自動車ニュース
年頭所感― 公益社団法人 兵庫県バス協会 会長 長尾 真
国土交通省をはじめ、関係省庁、関連団体、会員の皆様には、日頃より当協会の活動に多大なるご支援、ご尽力を頂き、心より御礼申し上げます。

2023年の新春を迎えるにあたり、謹んでお慶び申し上げます。
昨年も新型コロナウィルスの影響を受けた一年と言わざるを得ません。緊急事態宣言こそ発出されませんでしたが、兵庫県下では、まん延防止等重点措置実施期間が3月21日まで適用されました。
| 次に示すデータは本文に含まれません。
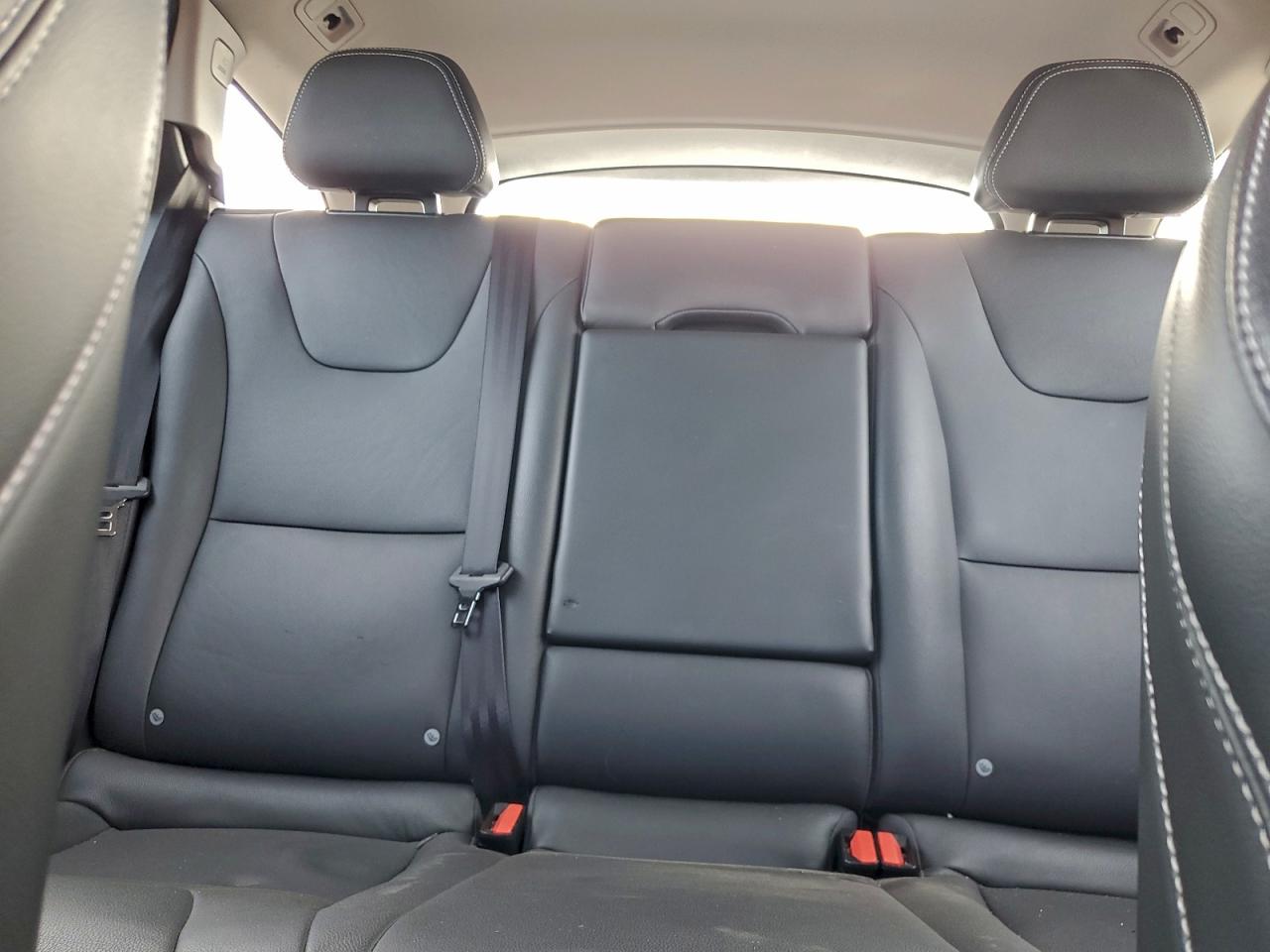 Volvo V60 T5 Dynamic Image 9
その後、夏から秋にかけて感染者数の落ち着きが見られたものの、この冬には第8波が到来したと言われております。日々メディアで発表される内容を気にしつつ、引き続き緊張感を持ち続けなければならない状況となっております。

当協会の昨年の取り組みとしては、会費の一部免除のほか、国会議員や自治体などにコロナ禍における業界の厳しい経営状況をお伝えし、継続的な支援にむけての要請活動を行いました。今年も会員事業者の皆様に対して協会が取り組むべき施策を着実に行ってまいります。
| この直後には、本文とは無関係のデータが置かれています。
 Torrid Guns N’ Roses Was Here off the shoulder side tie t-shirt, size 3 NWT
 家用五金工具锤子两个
一方で、バス業界においては、大きな事故や事件が発生しました。静岡県での貸切バス横転事故や神奈川県で路線バスが民家に激突した事故などは、まだ記憶に新しいと思います。これは少し異なりますが、通園バスでの車内置き去り事件など、バスに対する悪い印象を持たれた年でもありました。事故でお亡くなりになられた方およびご親族の皆様には深く哀悼の意を申し上げるとともに、今も怪我の回復途上の方には1日も早い回復をお祈り申し上げます。再発防止のための原因追及が待たれますが、過去の反省を踏まえ業界全体で安全確保に向けた取り組みを進めている中、そして要請活動の最中での事故であり、誠に遺憾であります。

さて、第8波の心配もありますが、世間一般には行動制限を行わないことが前提となり、屋外でのマスク着用も緩和されています。公共交通利用による感染が立証されたものはありませんし、基本的な対策を行うことで、感染拡大は回避できると確信しております。我々は引き続き、換気・車内消毒を徹底し、お客様に対しては、車内でのマスク着用と会話の配慮をお願いすることで、安心してご乗車いただけるように案内して参りたいと思います。
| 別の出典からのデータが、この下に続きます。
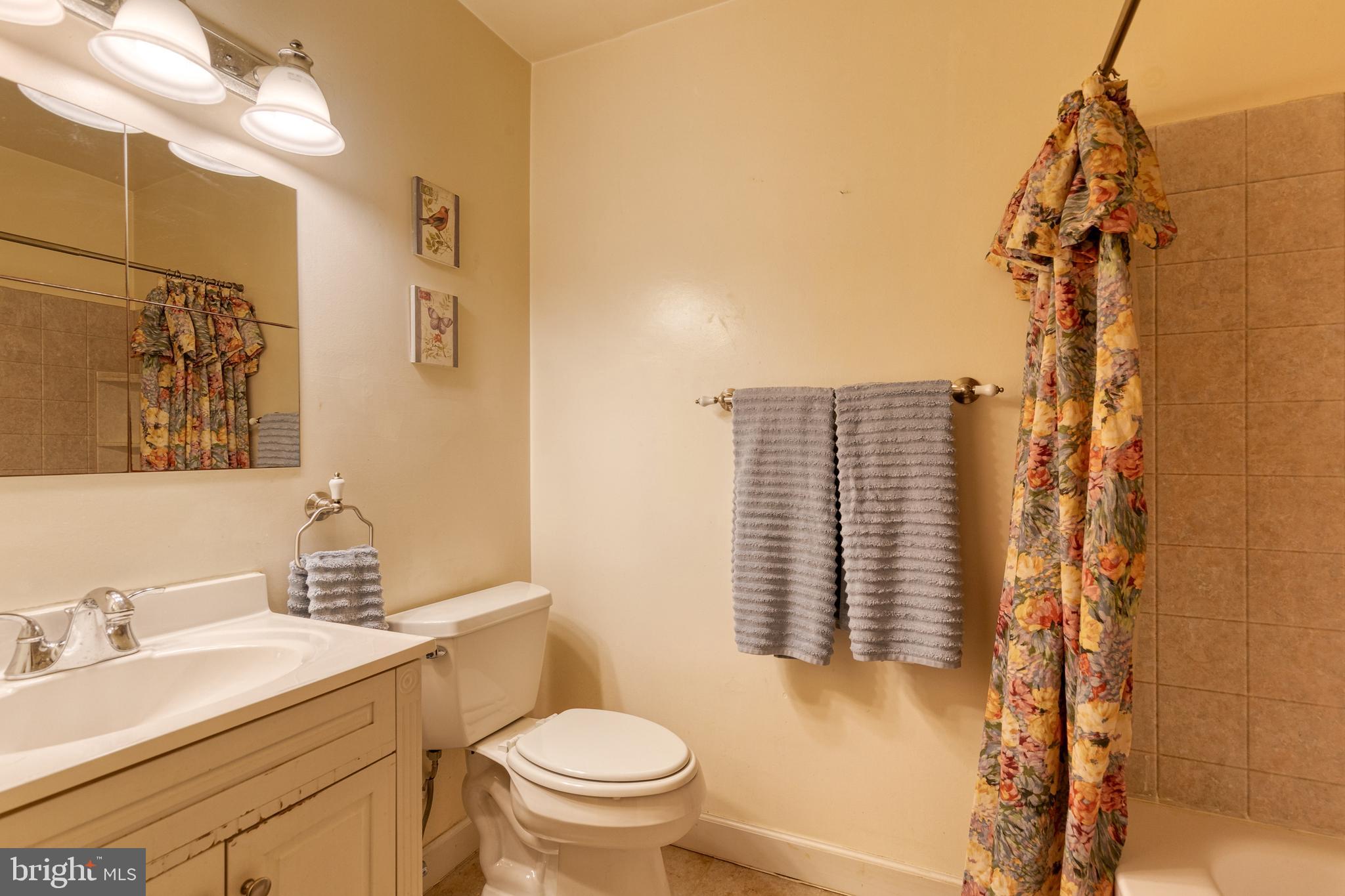 VILLAGE OF WILDE LAKE - Residential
県民割から拡大した全国旅行支援による旅行需要の喚起策もあり、観光地では多くの観光客が訪れていることがメディアで取り上げられています。貸切バスでは修学旅行等の学生団体利用など、徐々にではありますが、動きも出ております。インバウンドの受入もほぼ解除となり、円安も影響して、外国人観光客の姿も増えてまいりました。我々はこの契機を集客及び増収につなげる必要があります。JRグループの施策であるデスティネーションキャンペーンは、本年は兵庫県が対象となっております。国内外ともにさらなる観光客の受入体制の整備に向けて尽力してまいります。

また、関西では「2025年大阪・関西万博」に向け、ようやく本格的な動きが出始めました。輸送部門ではシャトルバスの運行に向けた基本方針も定まり、より具体的な内容の策定に向けて進んでおります。また、万博を契機に人・モノ・投資を促進すべく、兵庫県域での大阪湾ベイエリアの将来像や事業展開の方向性を示す「兵庫県域の大阪湾ベイエリア活性化基本方針」を策定するために、大阪湾ベイエリア活性化推進協議会が設置されました。県、関係市町、民間企業等で構成されており、当協会も参画しております。

さらに、神戸三宮エリアの再開発にあわせた、新バスターミナル(2027年度完成予定)も今年から工事が着手される予定であり、2030年度の神戸空港国際化も計画されております。ますます兵庫・神戸の役割が大きくなるものと確信しております。これからも業界の発展に寄与させるべく取り組みを強化させていかねばなりません。

長期的な視点では、SDGsや脱炭素・カーボンニュートラルの対応のなかで、FCV(燃料電池バス)、EV(電気バス)の導入そして拡充も進めていかねばなりません。また、自家用車から公共交通への転換は、我々の業界がカーボンオフに向けて本来取り組むべき行動です。兵庫県においては、播磨エリアの沿岸地域は全国屈指の工業地帯でもあり、多くの従業員が従事されています。従業員輸送のグリーン化およびGX推進に向け、国や沿線自治体、企業に働きかけてまいります。

明るい話題がある中ですが、直近の大きな懸念は業界全体での人材不足です。他事業も同様とは聞き及びますが、我々バス業界は、コロナ禍による極端な利用者の減少を受け、事業継続のために致し方なく事業を縮小せざるを得なかった事情もあり、結果として、従事する者が大幅に減ったところが大半だと思われます。

運転者の人員不足は、今後、大きな社会問題になると思われます。労働集約型産業という性質を踏まえつつ、早期の抜本的な見直しが必要です。法令遵守は前提としながら、労働者の待遇改善、多様な働き方への対応などに対応しなければなりません。これら諸課題に対応するための方策の1つとして、運賃改定の動きが各地で既に出ております。他業種の状況も睨みつつ、利用者のご理解を得られる施策も並行しながら、着実に進めていく必要があります。

最後に、今年は卯年です。数年間のコロナ禍による閉塞感から大きく「飛躍」し、私たちの生活が大きく「向上」する年になるよう、未来を見据えながら業界の発展にご尽力いただきますようお願い申し上げます。皆様の事業の繁栄、そして読者の皆様とご家族のご健康とご多幸を祈念して、年頭の挨拶といたします。